* [Required action]:
Give the listing again word for word. Leave every image out.
────────────────────
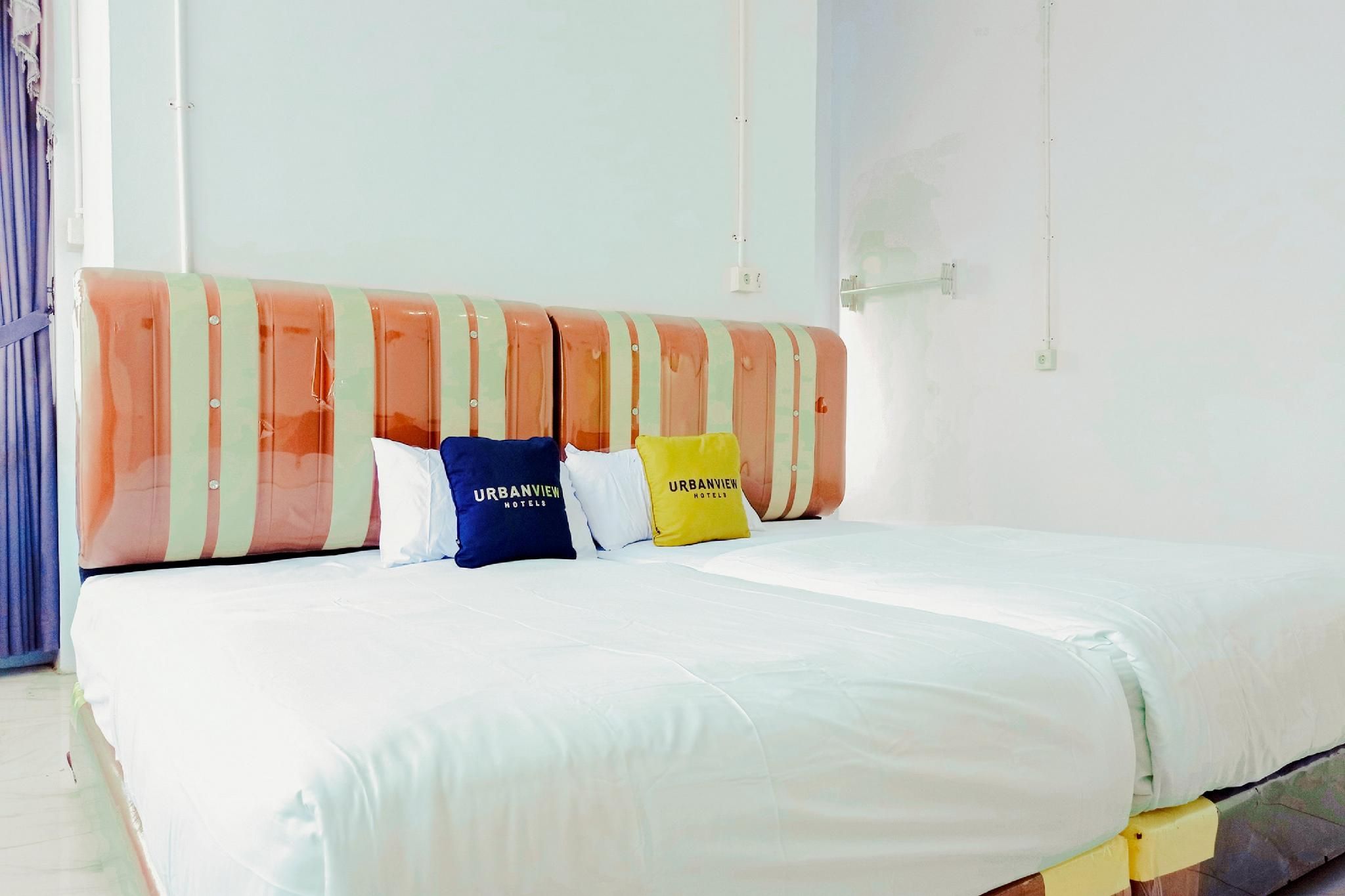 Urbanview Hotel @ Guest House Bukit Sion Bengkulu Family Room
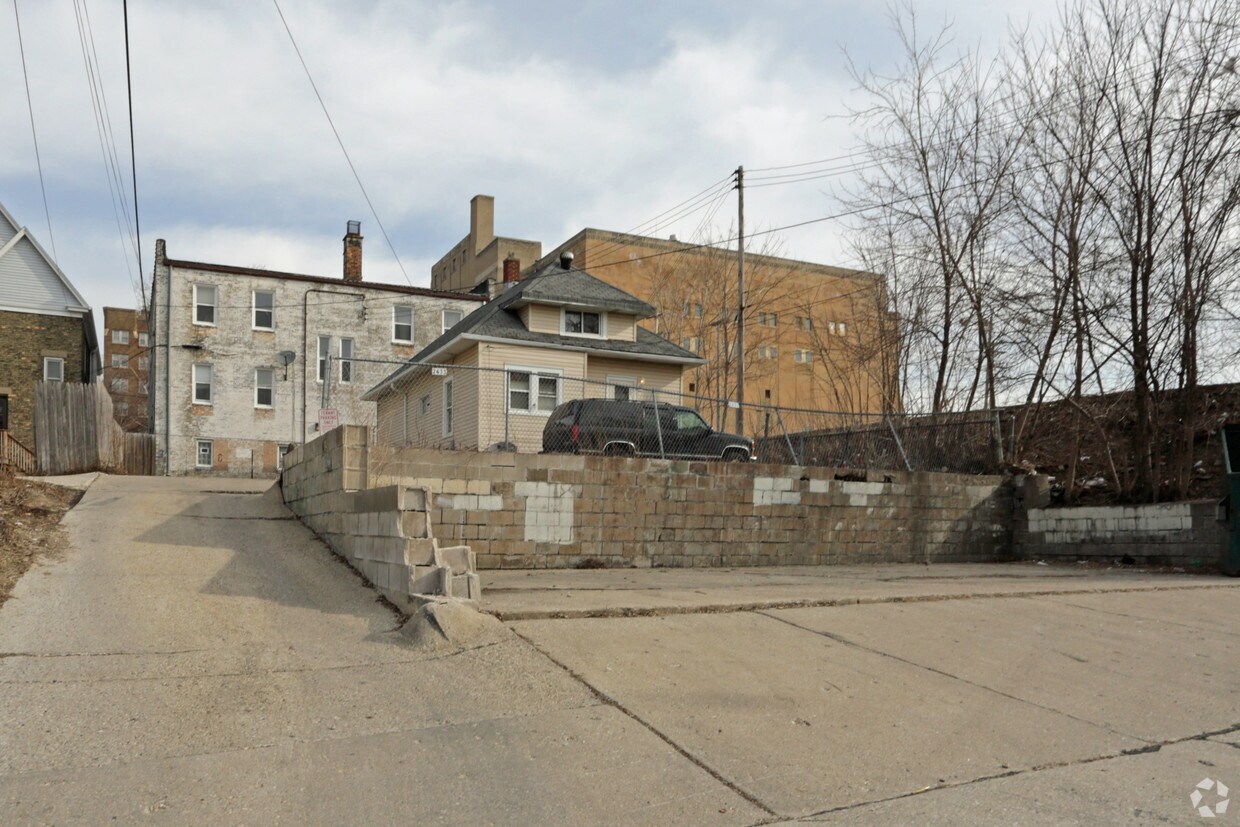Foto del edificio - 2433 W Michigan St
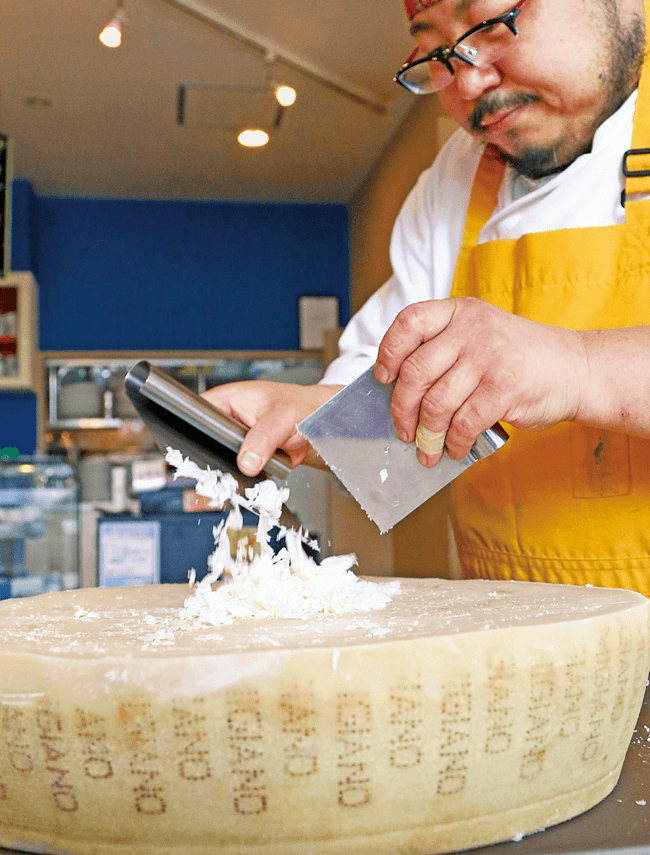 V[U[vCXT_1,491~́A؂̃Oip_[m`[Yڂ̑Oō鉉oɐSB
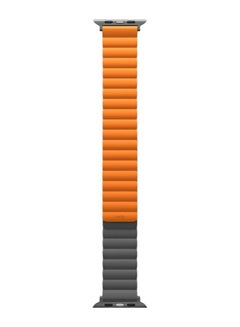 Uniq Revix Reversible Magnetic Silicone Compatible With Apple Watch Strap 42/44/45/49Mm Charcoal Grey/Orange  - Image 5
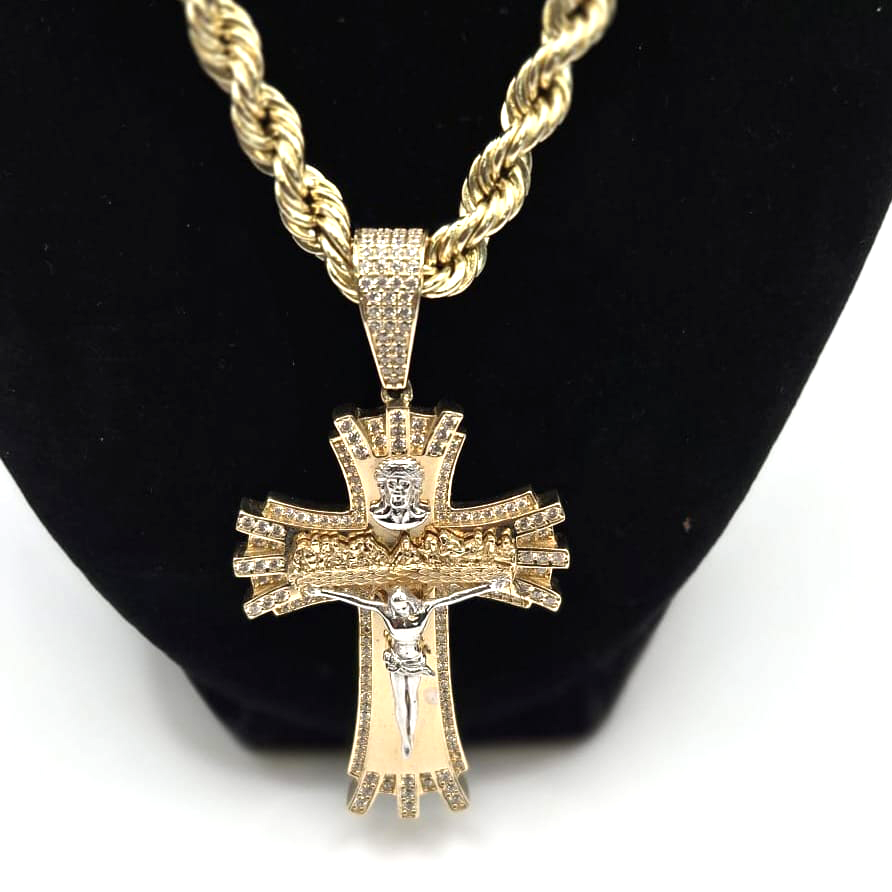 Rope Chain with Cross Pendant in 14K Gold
────────────────────
* [Reply to the exercise]:
 Urbanview Hotel @ Guest House Bukit Sion Bengkulu Family Room
Foto del edificio - 2433 W Michigan St
 V[U[vCXT_1,491~́A؂̃Oip_[m`[Yڂ̑Oō鉉oɐSB
 Uniq Revix Reversible Magnetic Silicone Compatible With Apple Watch Strap 42/44/45/49Mm Charcoal Grey/Orange  - Image 5
 Rope Chain with Cross Pendant in 14K Gold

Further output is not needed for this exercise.